Apple ban on pay-per-install apps damaging developers and may see some shift to Android
Application giants like Tapjoy, Flurry and AdMob have seen profits threatened by Apple's decision to implement a ban on pay-per-install in-app advertising.
The applications work by encouraging users to install other apps via in-app incentives, with developers of the original then taking a share of the new profits. The problem is that Apple sees this as unfairly manipulating chart rankings in its app store.
Last month, Apple began turning away pay-per-install apps and updates to great criticism from within the application industry. A Tapjoy survey of 496 developers found two thirds were reporting 20 per cent of revenue was previously generated from pay-per-install applications.
Apple has not been totally clear as to exactly why it has begun restricting the apps, pointing to clause 3.1 of the Apple developer program license agreement: “Developers who attempt to manipulate or cheat the user reviews or chart ranking in the App Store with fake or paid reviews, or any other inappropriate methods, will be removed from the iOS Developer Program.”

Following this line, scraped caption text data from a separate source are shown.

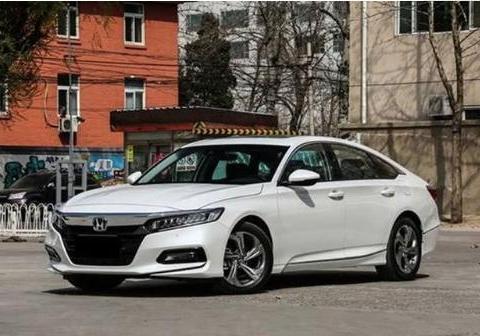 十代雅阁轴距近3米配1.5T引擎！上市前被吹上天，如今降价没人买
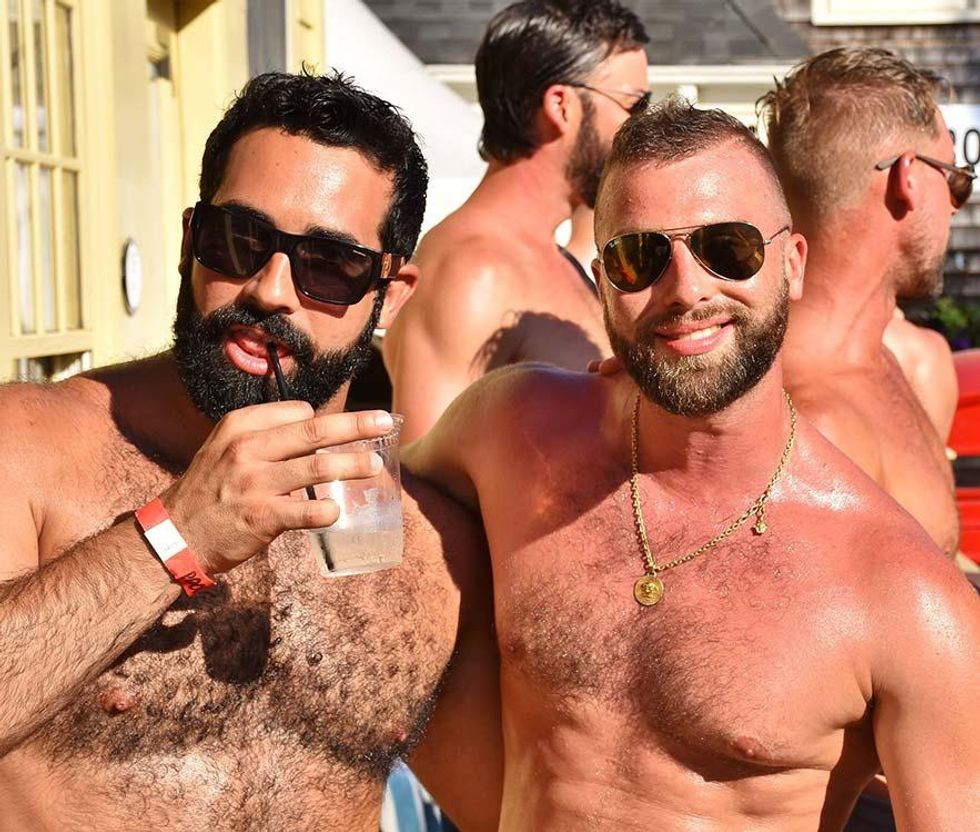 Carnival-pool-party-13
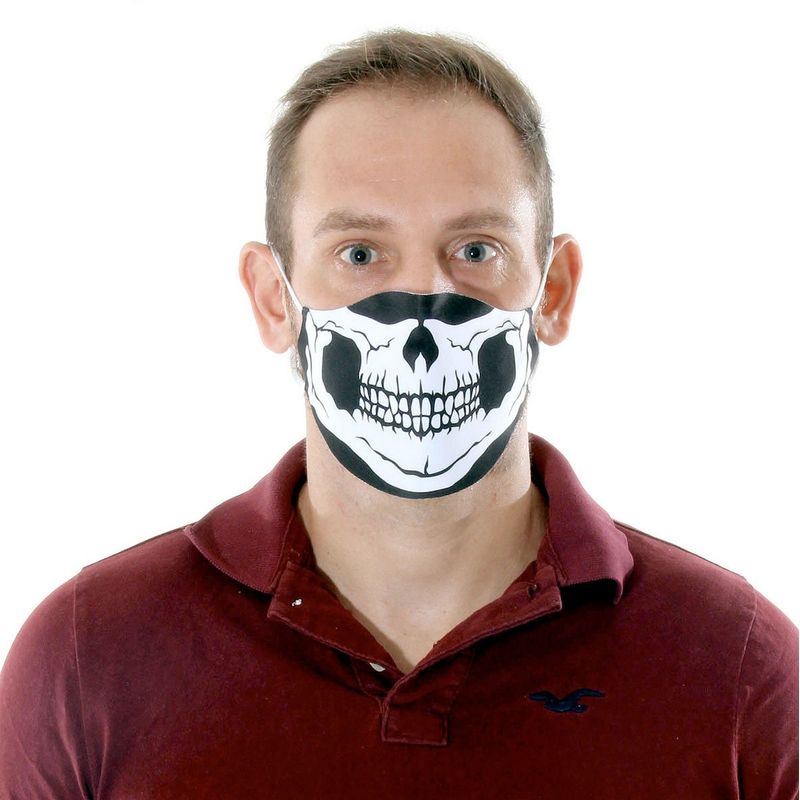 Um homem com uma máscara no rosto e uma caveira ao fundo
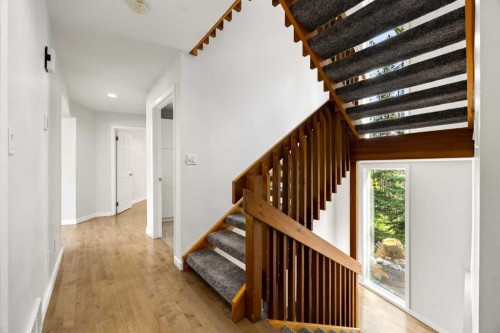 1064 Evergreen Circle, Canmore, AB - Indoor Photo Showing Other Room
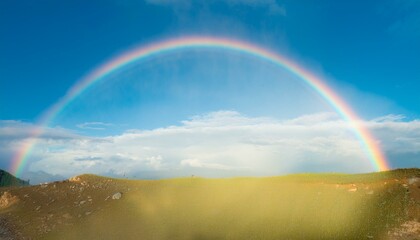 Naklejka premium 비온 뒤 무지개가 뜬 하늘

It appears to be that Apple is trying to protect application quality and ensure the top apps in the store are worthy of their position.
One way that pay-per-install apps generate attention for other content in the app store is by offering in-game currency to users who download in-app. Tapjoy is fighting its corner by saying that of the developers asked, a quarter were receiving "way too many complaints" about the lack of it.
Android provides relatively more advertising freedom to developers when compared to Apple, so we could see the move generating a shift towards the Google platform.
Do you like buying apps within apps? Or should Apple stand their ground?